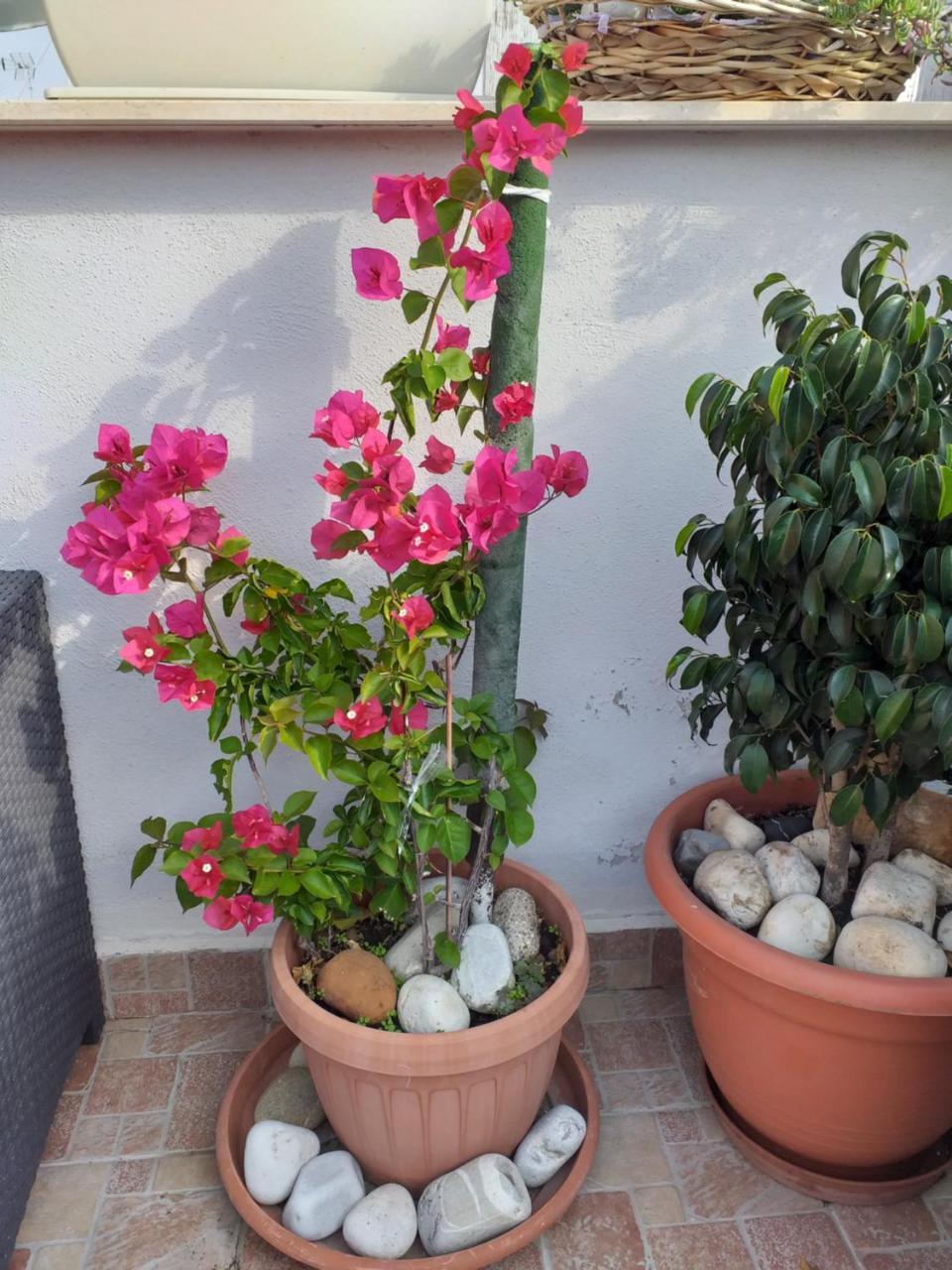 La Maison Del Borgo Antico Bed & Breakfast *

┄┄┄┄┄┄

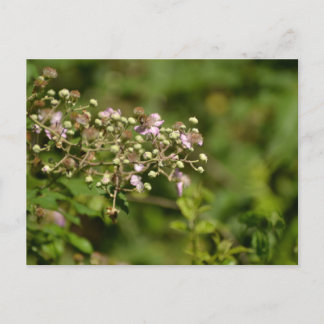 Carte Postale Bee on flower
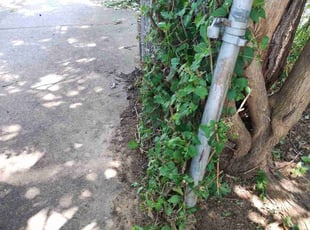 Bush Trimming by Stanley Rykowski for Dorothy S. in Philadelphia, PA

┄┄┄┄┄┄

*TASK PROMPT*: Within the data above, repeat exactly the lines from the one bearing "Carte Postale Bee on flower" through the one bearing "Bush Trimming by". Include no pictures and nothing else.

*EXERCISE OUTPUT*:
 Carte Postale Bee on flower
 Bush Trimming by Stanley Rykowski for Dorothy S. in Philadelphia, PA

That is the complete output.